Looking Forward to the 2010 Formula1 Season


What Happens When the Past Provides Excellent Material

12:09am EST — The following article was first posted on August 8, 2009, and serves as a reminder why fans the world over enjoy Formula1, what was happening in the middle of the 2009 season, and how much racing stirs the blood.

The past week has been one of the most exciting and newsworthy weeks in the recent era of Formula 1.  Still, I woke up this Sunday morning out of habit at 7:00 am prepared to watch live timing and scoring and American SPEEDtv coverage of a race (a. forgetting that there was no race this weekend, b. thanking the fact that there was no longer a tape delay in my coverage, and c. cursing the time difference that requires me to watch most races too early in the morning).

Instead I was stuck with Internet news feeds telling me the same five things: 1. Michael Schumacher is testing a Ferrari/driving a Ferrari in Valencia/being investigated for using slicks while testing the 2007 Ferrari (GP2 or Pukka tires?  your choice, FIA); 2. Nelson Piquet, Jr. has been sacked by Renault; 3. a Concorde Agreement has been/will be signed for through December 2012; 4. BMW will quit F1 at the end of the season, but Peter Sauber and Dr.
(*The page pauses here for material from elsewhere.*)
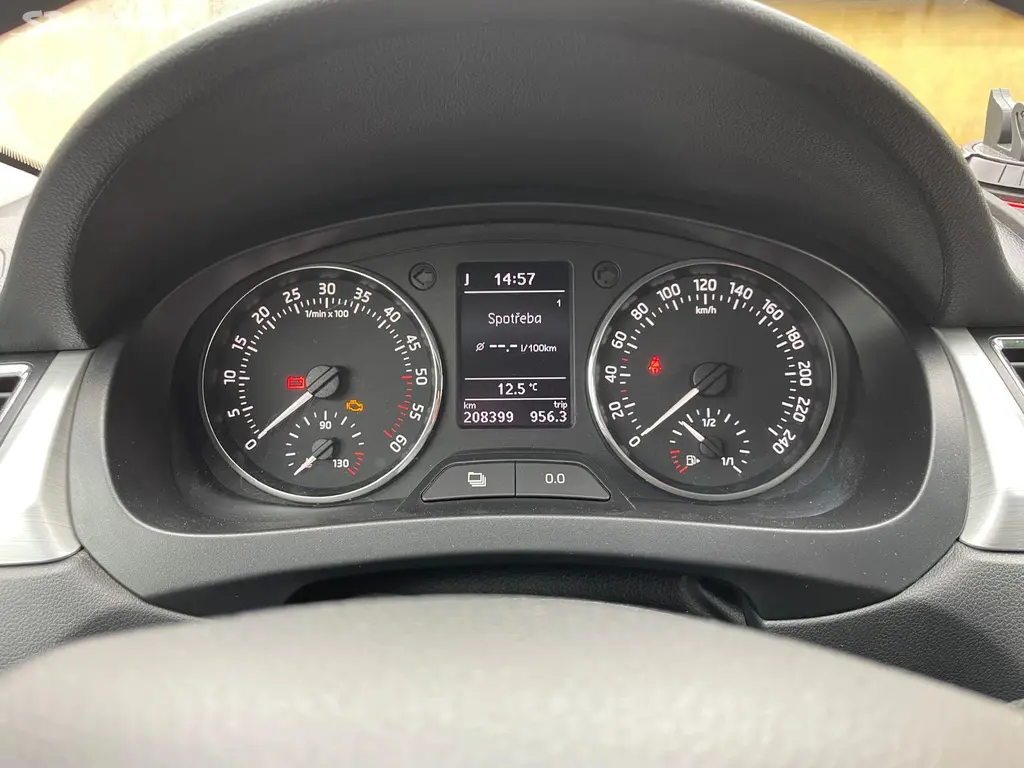 Škoda Rapid 1,6TDI 77kW - fotka 3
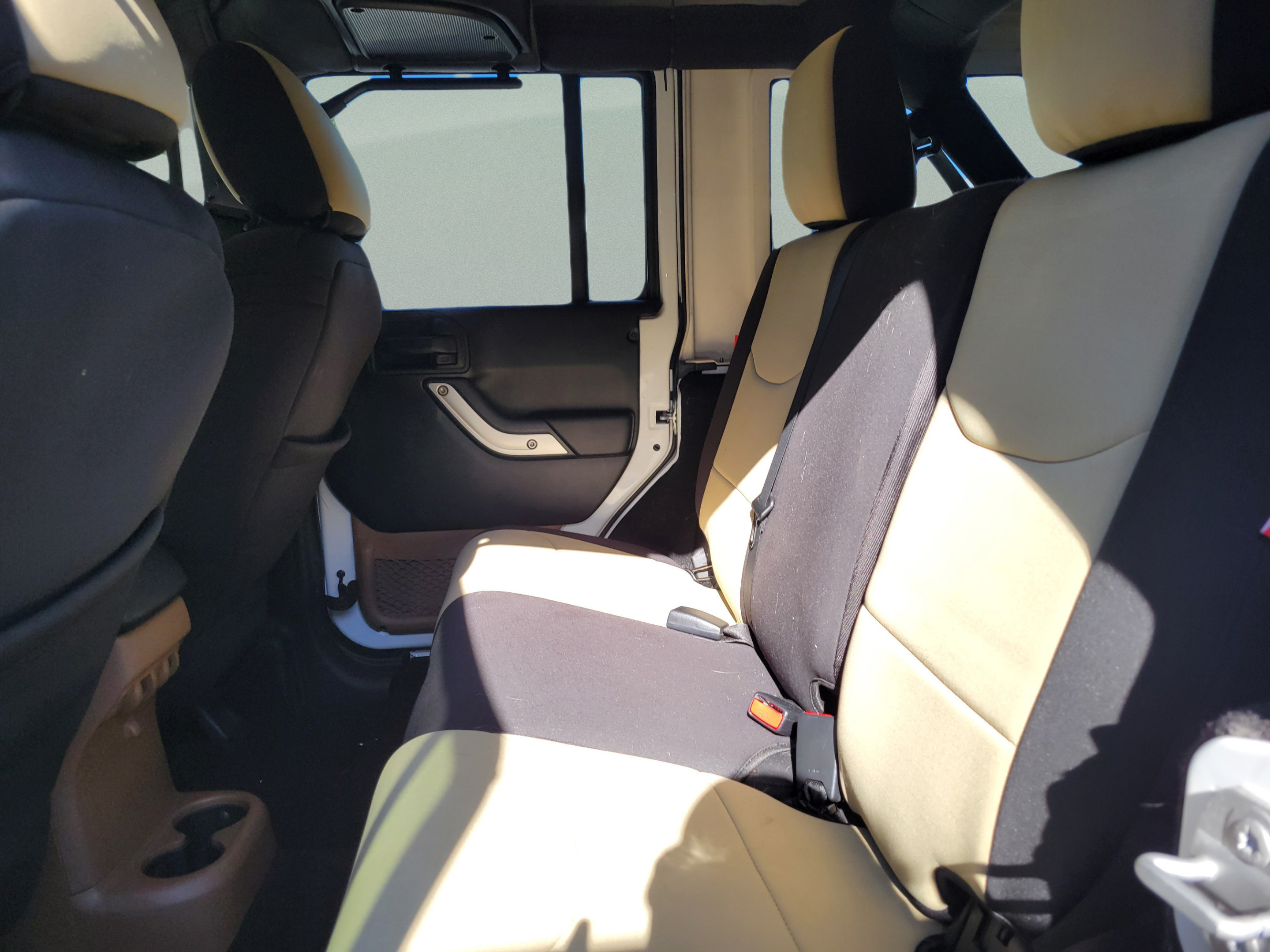 Used 2018 Jeep Wrangler Unlimited Sahara AWD/4WD image 6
Mario Theissen are looking to “do a Brawn,” possibly; and 5. Ferrari drivers crash but are doing ok (Raikkonen’s rollover in the WRC Rally Finland and Massa’s Hungarian incident, from which he is recovering nicely…and, apparently, showering.  Good to know.).  Also included were interesting tidbits about various drivers’ vacation plans, Stefan GP’s fight against the FIA over Cosworth engines, Jaime Alguersuari’s Formula Renault win, and Renault’s Valencia ban.  Granted, I’ve been talking about the same things ad nauseum.

[Note: Schumacher did not return to a race drive in the 2009 F1 season, though speculation currently runs rampant that he might do so at the new Mercedes team, Piquet had given testimony to the FIA that he participated in a race-fixing scheme at Renault before this article was published, and an odd Middle Eastern consortium called QADBAK bought the BMW share.]

Still, amidst all the politics and gossip and Machiavellian maneuverings, I think its important to remember why we watch the sport that the intrigue often overshadows.

Excitement.  Speed.  Danger.  Lifestyle.  Poetry in Motion.  An hour or two spent worrying about someone else’s life and not our own.  Combat (generally) without bloodshed.  Show business.  Entertainment.

There’s the sheer joy of watching beauty in sport like the clean lines and often sweeping arcs required to maintain the perfect lap in qualifying.  Or the dichotomy of very fast cars driven by very fast men, bouncing off curbing and Armco barriers and each other in Monaco, a bastion of leisure.  Then there is the elegance and efficiency of a car and engine combination that slices through air, with only a bit of slide for drama.

Speaking of drama, where else does one find changing conditions that bring a championship down to thirty seconds after the winner has already finished the distance?  Then there’s the fact that, while being extremely well compensated for their time and name, most of the drivers we watch had the dreams of winning as a child we might have had.  “We didn’t race go-karts as kids dreaming of being rich, we dreamt of being the world champion,” as Jenson Button said after winning in Australia.  They’re real people, in real life, not a movie; even if what really happens would have been tossed out of Hollywood as simply too impossible to be put on film.

It is the impossible task to be completed: finishing a rigorous season, winning enough points to be proclaimed the best in the world.  While the beauty is in the win, it is also in the effort.  The attempt is all. The bravado and skill required to play is sometimes enough.  Though never enough to finish first. It is that determination we viewers sometimes wish to apply to our own lives.  Or the personalities that make the beauty more humorous.  There’s always a Michael Schumacher or Aryton Senna willing to push a few people out of the way to get to the front.  Mark Webber will throw a few curses at the television cameras, just to see if the ratings people can catch them in time.  Polarizing figures give someone to cheer for, or root against.

Let’s take a moment to remember why we watch the races themselves, the drivers who participate in them, and the engineers and mechanics who build and maintain the machines that make it all possible.

Now, since we won’t be seeing any of that for another three weeks, let’s fill our time with what we can.  Have you heard that Jenson Button just participated in the London Triathlon with two of his race engineers?